7 of the Worst ‘Star Wars’ Rip-Offs Ever Made

David Hasselhoff
Starcrash | Source: Nat and Patrick Wachsberger Productions

We look at the past through rose-colored glasses, even as we complain about the current state of the movie industry. Nowadays, one studio rips off another’s formula for success in order to churn out pale imitations. It’s easy to complain about the comic book movie boom today while forgetting about, say, the space opera boom of the ’70s and ’80s, when countless production companies sought to cash in on the unparalleled popularity of the original Star Wars trilogy. To mark the recent release of Star Wars: The Force Awakens, we’ve compiled a list of some of the most laughable Star Wars rip-offs in the surprisingly long history of Star Wars rip-offs.

1. Starcrash

Roger Corman has become more or less a legend for the impressive string of low-budget B movies his New World Productions produced throughout the ’70s and ’80s. Starcrash, released in 1978, tried to cash in on the success of the original Star Wars, primarily by using a similar title and clogging the screen with bizarre casting choices, such as a young Christopher Plummer and David Hasselhoff.  The plot concerns a roguish space smuggler, an Imperial Space Police force, and an evil Emperor, but it’s hard to focus on any of that when you’re busy laughing at the absurd special effects.

2. The Man Who Saved the World

The Man Who Saved the World, aka Dünyayı Kurtaran Adam, aka Turkish Star Wars, is a baffling film that proves Star Wars rip-offs knew no national boundaries. The 1982 film goes so far as to outright steal footage from Lucas’s film, as well as from Soviet newsreel clips, to pad out its 91-minute runtime. The midnight madness favorite features a planetary shield created from human brain power (read: The Death Star), a slimy space bar (the Mos Eisley cantina), a desert planet (Tatooine), and space zombies.

3. Starchaser: The Legend of Orin

For anyone wondering what Star Wars might be like if the dialogue was significantly worse and the characters were animated like bad Saturday morning cartoons, this film is for you. Though it has the distinction of being one of the first animated films to use 3-D and to combine computer animation with traditional, nothing can quite distract from Starchaser’s blatant lifting of its style from Lucas’s far superior film.

4. Star Odyssey

Italian exploitation director Alfonso Brescia made not one, not two, but four movies in the late 1970s that aped Star Wars in hopes of piggy-backing on its unprecedented success. The title of the fourth, Star Odyssey, immediately gives its intentions away, even if the film actually contains some of the most perplexing sequences of any film on this list. The plot follows a human uprising to reclaim Earth from the clutches of the evil conqueror Kress and his cyborg army, but somehow Brescia found time for scenes like the above, wherein a boxing match between two low-budget robots plays out in full.

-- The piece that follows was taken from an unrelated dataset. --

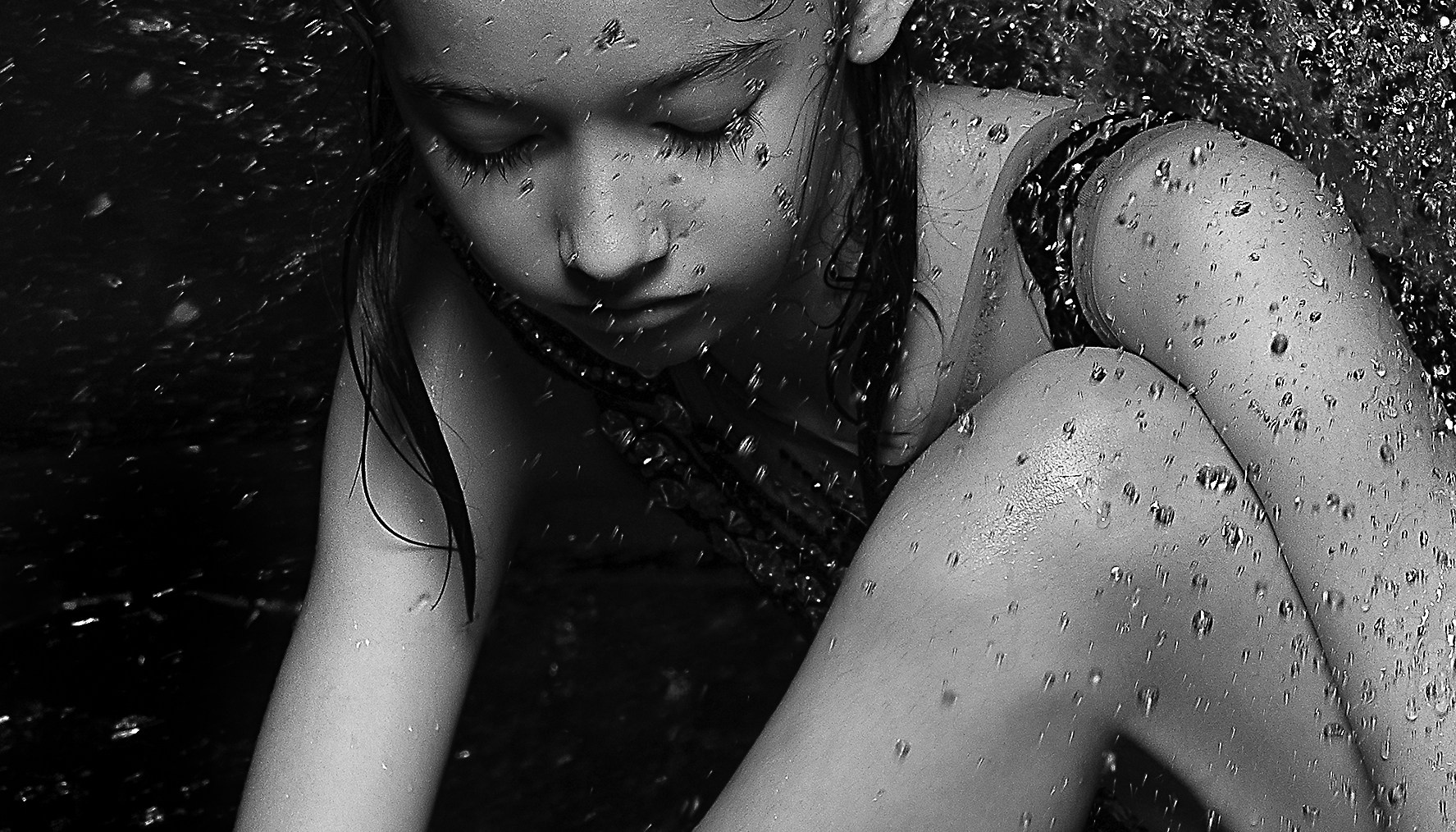 Спортивный и портретный фотограф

5. Battle Beyond the Stars

Another entry from B-movie maestro Roger Corman and his New World Pictures, Battle Beyond the Stars sold itself as The Magnificent Seven in space, though its plot is mostly secondary to its outer space antics, most of which come straight from Lucas’s films. Even though James Cameron directed the film’s special effects, he couldn’t elevate the low-budget marvel past its budgetary concerns and the silly parts of its conception, including a talking female spaceship with breasts. You read that right.

6. The Black Hole

Disney couldn’t let Star Wars steal their young viewers and merchandise viewers without some kind of fight. Unfortunately, the product was the dismal, confusing mess that is The Black Hole, a film trapped somewhere between kid-friendly family film and oddly dark space opera involving lobotomies, religious overtones and the evisceration of a major character. The cast is populated with plenty of vaguely familiar names from Anthony Perkins and Ernest Borgnine to a pair of silly droids voiced by Slim Pickens and Roddy McDowell.

7. Eragon

Coming out in 2006, Eragon was a little late to the party of Star Wars rip-offs, but that didn’t stop the filmmakers from shamelessly stealing the exact plot of the 1977 original while adorning it with fantasy rather than sci-fi elements, hoping to ride the wave of Harry Potter‘s success with an extremely loose adaptation of Christopher Paolini’s successful novel. A spunky princess captured by an evil dictator sends a mysterious stone away just before her capture. A teenage farm boy finds the stone and flees from his home with a mysterious old mentor after his uncle is killed by the villains. The titular character soon realizes his destiny as a spiritualist dragon rider. Any of this sound familiar yet?